Wednesday, April 5th, 2006

If you have a large amount of data logs that you need to process, you might consider writing a parsing script in Ruby.

A lot of server logs come in CSV files that are gzipped. Rather than going through a process involving unzipping and parsing files one at a time or configuring an ETL tool to do it for you, it may be easier and faster to just write a script that does everything you need all at once. Consider the following Ruby snippet:

Zlib::GzipReader.open('data.csv.gz') do |gz|
CSV::Reader.parse(gz.readline) do |row|
# do something interesting!
end
end

Two lines of code and it is already time to add your business logic!

Given that most ETL tools are complicated and/or expensive, writing a simple script often seems the path of least resistance. Especially when you just need to load the data to do some analysis and not set up an ongoing processing system.

But where are they coming from?

Monday, April 3rd, 2006

When analyzing web data, it can be useful to map IP addresses back to a geographic location. Good for those of us that can’t afford to buy commercial databases with this information, there are public projects like Host IP picking up the slack.

One thing that makes Host IP particularly interesting is that you can download the whole IP database for your own use.

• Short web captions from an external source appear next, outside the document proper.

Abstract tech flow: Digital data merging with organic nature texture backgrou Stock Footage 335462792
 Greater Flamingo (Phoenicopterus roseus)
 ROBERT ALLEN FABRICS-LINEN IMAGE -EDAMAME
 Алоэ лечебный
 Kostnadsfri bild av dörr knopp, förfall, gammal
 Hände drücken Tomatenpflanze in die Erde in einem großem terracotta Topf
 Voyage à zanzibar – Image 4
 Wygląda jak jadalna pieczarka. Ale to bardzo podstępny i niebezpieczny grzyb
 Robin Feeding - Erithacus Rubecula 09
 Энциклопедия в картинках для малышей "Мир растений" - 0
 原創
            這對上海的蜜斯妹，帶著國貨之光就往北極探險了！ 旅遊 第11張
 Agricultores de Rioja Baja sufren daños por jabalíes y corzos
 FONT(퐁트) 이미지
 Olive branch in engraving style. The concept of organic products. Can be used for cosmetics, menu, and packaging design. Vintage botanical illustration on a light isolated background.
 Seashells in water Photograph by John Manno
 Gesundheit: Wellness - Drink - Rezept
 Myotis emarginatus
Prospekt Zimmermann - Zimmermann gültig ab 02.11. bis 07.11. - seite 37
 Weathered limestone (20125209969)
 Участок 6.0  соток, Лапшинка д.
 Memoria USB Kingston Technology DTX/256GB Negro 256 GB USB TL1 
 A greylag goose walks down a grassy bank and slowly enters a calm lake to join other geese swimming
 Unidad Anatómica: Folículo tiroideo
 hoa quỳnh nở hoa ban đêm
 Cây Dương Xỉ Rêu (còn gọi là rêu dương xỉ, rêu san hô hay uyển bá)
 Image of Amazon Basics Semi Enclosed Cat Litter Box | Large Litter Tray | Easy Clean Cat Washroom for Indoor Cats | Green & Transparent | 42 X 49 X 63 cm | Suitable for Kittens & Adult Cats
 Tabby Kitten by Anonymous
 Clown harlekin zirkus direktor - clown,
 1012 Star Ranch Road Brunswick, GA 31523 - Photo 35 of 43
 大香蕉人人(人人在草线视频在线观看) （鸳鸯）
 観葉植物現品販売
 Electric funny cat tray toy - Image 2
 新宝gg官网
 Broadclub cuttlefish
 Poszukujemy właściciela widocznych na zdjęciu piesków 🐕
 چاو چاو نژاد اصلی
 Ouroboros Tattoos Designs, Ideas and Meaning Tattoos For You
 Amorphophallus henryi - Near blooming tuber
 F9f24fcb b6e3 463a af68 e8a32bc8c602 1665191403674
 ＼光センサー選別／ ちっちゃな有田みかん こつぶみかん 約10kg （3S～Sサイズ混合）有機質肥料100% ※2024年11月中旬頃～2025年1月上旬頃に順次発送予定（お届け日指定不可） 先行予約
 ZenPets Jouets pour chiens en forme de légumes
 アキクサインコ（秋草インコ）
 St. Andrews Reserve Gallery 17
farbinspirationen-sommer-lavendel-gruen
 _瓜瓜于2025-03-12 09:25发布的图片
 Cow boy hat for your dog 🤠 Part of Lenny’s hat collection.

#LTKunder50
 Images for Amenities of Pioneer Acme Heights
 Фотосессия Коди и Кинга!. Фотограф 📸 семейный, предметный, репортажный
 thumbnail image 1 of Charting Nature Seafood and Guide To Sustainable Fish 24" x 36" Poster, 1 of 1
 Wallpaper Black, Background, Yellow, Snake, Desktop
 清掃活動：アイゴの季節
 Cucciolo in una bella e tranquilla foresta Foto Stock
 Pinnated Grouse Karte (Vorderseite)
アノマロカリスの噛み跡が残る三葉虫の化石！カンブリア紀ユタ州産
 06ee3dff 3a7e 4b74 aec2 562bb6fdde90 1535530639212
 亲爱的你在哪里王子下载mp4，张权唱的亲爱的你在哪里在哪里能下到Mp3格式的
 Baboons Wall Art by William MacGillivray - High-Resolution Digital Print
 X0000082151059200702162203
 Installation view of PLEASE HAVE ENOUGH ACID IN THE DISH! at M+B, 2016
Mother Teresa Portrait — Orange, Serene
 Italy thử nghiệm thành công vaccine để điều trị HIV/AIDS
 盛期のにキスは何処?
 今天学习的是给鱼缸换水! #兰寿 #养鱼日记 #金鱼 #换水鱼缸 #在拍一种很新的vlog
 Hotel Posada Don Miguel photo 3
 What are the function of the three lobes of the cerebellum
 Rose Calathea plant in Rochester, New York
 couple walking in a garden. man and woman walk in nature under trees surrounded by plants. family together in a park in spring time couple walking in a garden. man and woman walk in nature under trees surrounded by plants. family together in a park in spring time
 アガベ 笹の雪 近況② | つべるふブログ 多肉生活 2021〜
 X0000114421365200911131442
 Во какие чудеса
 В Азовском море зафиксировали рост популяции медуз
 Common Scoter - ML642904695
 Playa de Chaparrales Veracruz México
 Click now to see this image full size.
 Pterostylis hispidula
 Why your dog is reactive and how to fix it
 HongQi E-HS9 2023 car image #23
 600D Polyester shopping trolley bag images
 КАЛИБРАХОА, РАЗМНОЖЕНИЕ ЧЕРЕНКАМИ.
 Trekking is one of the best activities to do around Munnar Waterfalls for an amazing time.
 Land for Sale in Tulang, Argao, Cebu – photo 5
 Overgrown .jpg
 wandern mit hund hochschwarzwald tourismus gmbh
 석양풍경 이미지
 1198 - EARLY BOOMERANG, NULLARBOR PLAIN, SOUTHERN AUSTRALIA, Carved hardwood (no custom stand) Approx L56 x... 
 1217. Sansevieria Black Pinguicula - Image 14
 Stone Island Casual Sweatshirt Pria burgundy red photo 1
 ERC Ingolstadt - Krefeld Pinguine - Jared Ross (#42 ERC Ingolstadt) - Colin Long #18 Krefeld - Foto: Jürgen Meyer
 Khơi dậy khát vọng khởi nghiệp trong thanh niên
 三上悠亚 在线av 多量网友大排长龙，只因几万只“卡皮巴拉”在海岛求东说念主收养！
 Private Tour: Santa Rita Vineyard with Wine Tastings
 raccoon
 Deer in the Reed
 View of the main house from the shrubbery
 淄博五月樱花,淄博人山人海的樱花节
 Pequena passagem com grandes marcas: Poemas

Certainly accuracy is a problem in a data set like this. But, so long as you account for that, you can still get a general idea of geographic distribution of requests. Perhaps the most useful information you can determine with certainty is which country traffic is coming from, which can help you with planning for site development.

Play Ball

Sunday, April 2nd, 2006

One of the fun things about baseball is how prevalent analysis is in the fan community. Analysis isn’t really possible without data, so it is great know there are publicly available sources of player performance data.

That fans of baseball enjoy pouring over the numbers is no secret. So it is disappointing that the MLB itself does not make more data readily available to its fans. They are lucky there are independent sites out there like the Baseball Archive filling that gap for them.

Opening day is Monday, play ball!

Census Time

Sunday, April 2nd, 2006

Say what you will about the government, but when they put their minds to it they can produce some very useful data. The folks at the Census Bureau in particular seem to be good at sharing their data in a way that is useful to people outside their organization. There is a possibility that that comes from their having been in this business for awhile…

The meta-data they provide along with the data is the key. This gives you insight into the process that produced the data, which is always important information to have when analyzing any data set.